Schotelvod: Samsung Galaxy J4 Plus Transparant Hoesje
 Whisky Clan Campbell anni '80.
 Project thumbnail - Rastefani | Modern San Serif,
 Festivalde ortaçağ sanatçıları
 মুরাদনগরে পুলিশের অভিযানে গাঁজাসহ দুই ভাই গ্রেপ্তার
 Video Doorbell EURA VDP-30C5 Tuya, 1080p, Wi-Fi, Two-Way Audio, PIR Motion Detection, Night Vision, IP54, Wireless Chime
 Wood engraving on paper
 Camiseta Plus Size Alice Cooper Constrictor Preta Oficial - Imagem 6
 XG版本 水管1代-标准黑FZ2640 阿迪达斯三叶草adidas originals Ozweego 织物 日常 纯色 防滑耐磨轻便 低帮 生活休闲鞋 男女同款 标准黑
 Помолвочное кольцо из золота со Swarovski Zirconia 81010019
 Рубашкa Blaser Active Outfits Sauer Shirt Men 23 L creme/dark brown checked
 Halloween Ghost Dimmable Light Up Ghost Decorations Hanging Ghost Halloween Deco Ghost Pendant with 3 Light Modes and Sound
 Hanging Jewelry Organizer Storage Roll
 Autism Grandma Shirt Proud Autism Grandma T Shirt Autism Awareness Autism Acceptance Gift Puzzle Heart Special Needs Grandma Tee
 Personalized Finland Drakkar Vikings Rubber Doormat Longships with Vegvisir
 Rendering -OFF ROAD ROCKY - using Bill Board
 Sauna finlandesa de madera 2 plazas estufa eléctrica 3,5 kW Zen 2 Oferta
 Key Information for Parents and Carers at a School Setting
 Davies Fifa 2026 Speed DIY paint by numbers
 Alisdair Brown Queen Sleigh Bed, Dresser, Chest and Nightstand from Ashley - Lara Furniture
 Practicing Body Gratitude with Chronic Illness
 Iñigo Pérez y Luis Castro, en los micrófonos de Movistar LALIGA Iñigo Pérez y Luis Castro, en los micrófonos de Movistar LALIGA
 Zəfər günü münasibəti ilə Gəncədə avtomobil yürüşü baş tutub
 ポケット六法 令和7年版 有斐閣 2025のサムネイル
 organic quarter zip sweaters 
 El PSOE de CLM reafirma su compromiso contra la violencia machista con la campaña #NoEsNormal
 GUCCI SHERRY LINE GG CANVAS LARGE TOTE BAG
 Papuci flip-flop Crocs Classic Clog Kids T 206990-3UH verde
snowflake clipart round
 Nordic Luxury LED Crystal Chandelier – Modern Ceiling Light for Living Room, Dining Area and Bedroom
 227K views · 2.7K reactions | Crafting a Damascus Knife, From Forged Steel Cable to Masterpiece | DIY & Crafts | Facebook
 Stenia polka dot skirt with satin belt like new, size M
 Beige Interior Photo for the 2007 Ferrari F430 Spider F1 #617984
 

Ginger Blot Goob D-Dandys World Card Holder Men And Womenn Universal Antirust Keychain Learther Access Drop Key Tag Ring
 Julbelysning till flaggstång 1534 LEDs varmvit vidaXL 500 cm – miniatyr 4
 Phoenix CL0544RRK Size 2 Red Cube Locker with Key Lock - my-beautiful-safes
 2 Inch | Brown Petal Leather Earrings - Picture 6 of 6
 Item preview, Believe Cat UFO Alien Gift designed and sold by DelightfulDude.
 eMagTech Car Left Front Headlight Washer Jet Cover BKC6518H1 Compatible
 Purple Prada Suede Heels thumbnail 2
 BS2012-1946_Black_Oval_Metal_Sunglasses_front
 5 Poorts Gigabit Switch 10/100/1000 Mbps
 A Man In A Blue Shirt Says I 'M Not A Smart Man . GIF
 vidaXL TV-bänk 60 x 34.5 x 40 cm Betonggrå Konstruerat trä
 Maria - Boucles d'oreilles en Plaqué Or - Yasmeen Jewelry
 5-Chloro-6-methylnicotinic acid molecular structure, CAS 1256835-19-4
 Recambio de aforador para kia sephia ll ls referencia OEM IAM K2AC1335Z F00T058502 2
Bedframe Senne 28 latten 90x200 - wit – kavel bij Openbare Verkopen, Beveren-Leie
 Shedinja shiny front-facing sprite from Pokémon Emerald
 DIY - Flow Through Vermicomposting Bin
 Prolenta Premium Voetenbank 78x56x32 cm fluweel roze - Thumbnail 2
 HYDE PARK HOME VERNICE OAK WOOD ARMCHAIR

-=-=-

WHAT TO DO:
Give back all the records above exactly. Keep every word.

EXERCISE RESPONSE:
Schotelvod: Samsung Galaxy J4 Plus Transparant Hoesje
 Whisky Clan Campbell anni '80.
 Project thumbnail - Rastefani | Modern San Serif,
 Festivalde ortaçağ sanatçıları
 মুরাদনগরে পুলিশের অভিযানে গাঁজাসহ দুই ভাই গ্রেপ্তার
 Video Doorbell EURA VDP-30C5 Tuya, 1080p, Wi-Fi, Two-Way Audio, PIR Motion Detection, Night Vision, IP54, Wireless Chime
 Wood engraving on paper
 Camiseta Plus Size Alice Cooper Constrictor Preta Oficial - Imagem 6
 XG版本 水管1代-标准黑FZ2640 阿迪达斯三叶草adidas originals Ozweego 织物 日常 纯色 防滑耐磨轻便 低帮 生活休闲鞋 男女同款 标准黑
 Помолвочное кольцо из золота со Swarovski Zirconia 81010019
 Рубашкa Blaser Active Outfits Sauer Shirt Men 23 L creme/dark brown checked
 Halloween Ghost Dimmable Light Up Ghost Decorations Hanging Ghost Halloween Deco Ghost Pendant with 3 Light Modes and Sound
 Hanging Jewelry Organizer Storage Roll
 Autism Grandma Shirt Proud Autism Grandma T Shirt Autism Awareness Autism Acceptance Gift Puzzle Heart Special Needs Grandma Tee
 Personalized Finland Drakkar Vikings Rubber Doormat Longships with Vegvisir
 Rendering -OFF ROAD ROCKY - using Bill Board
 Sauna finlandesa de madera 2 plazas estufa eléctrica 3,5 kW Zen 2 Oferta
 Key Information for Parents and Carers at a School Setting
 Davies Fifa 2026 Speed DIY paint by numbers
 Alisdair Brown Queen Sleigh Bed, Dresser, Chest and Nightstand from Ashley - Lara Furniture
 Practicing Body Gratitude with Chronic Illness
 Iñigo Pérez y Luis Castro, en los micrófonos de Movistar LALIGA Iñigo Pérez y Luis Castro, en los micrófonos de Movistar LALIGA
 Zəfər günü münasibəti ilə Gəncədə avtomobil yürüşü baş tutub
 ポケット六法 令和7年版 有斐閣 2025のサムネイル
 organic quarter zip sweaters 
 El PSOE de CLM reafirma su compromiso contra la violencia machista con la campaña #NoEsNormal
 GUCCI SHERRY LINE GG CANVAS LARGE TOTE BAG
 Papuci flip-flop Crocs Classic Clog Kids T 206990-3UH verde
snowflake clipart round
 Nordic Luxury LED Crystal Chandelier – Modern Ceiling Light for Living Room, Dining Area and Bedroom
 227K views · 2.7K reactions | Crafting a Damascus Knife, From Forged Steel Cable to Masterpiece | DIY & Crafts | Facebook
 Stenia polka dot skirt with satin belt like new, size M
 Beige Interior Photo for the 2007 Ferrari F430 Spider F1 #617984
 

Ginger Blot Goob D-Dandys World Card Holder Men And Womenn Universal Antirust Keychain Learther Access Drop Key Tag Ring
 Julbelysning till flaggstång 1534 LEDs varmvit vidaXL 500 cm – miniatyr 4
 Phoenix CL0544RRK Size 2 Red Cube Locker with Key Lock - my-beautiful-safes
 2 Inch | Brown Petal Leather Earrings - Picture 6 of 6
 Item preview, Believe Cat UFO Alien Gift designed and sold by DelightfulDude.
 eMagTech Car Left Front Headlight Washer Jet Cover BKC6518H1 Compatible
 Purple Prada Suede Heels thumbnail 2
 BS2012-1946_Black_Oval_Metal_Sunglasses_front
 5 Poorts Gigabit Switch 10/100/1000 Mbps
 A Man In A Blue Shirt Says I 'M Not A Smart Man . GIF
 vidaXL TV-bänk 60 x 34.5 x 40 cm Betonggrå Konstruerat trä
 Maria - Boucles d'oreilles en Plaqué Or - Yasmeen Jewelry
 5-Chloro-6-methylnicotinic acid molecular structure, CAS 1256835-19-4
 Recambio de aforador para kia sephia ll ls referencia OEM IAM K2AC1335Z F00T058502 2
Bedframe Senne 28 latten 90x200 - wit – kavel bij Openbare Verkopen, Beveren-Leie
 Shedinja shiny front-facing sprite from Pokémon Emerald
 DIY - Flow Through Vermicomposting Bin
 Prolenta Premium Voetenbank 78x56x32 cm fluweel roze - Thumbnail 2
 HYDE PARK HOME VERNICE OAK WOOD ARMCHAIR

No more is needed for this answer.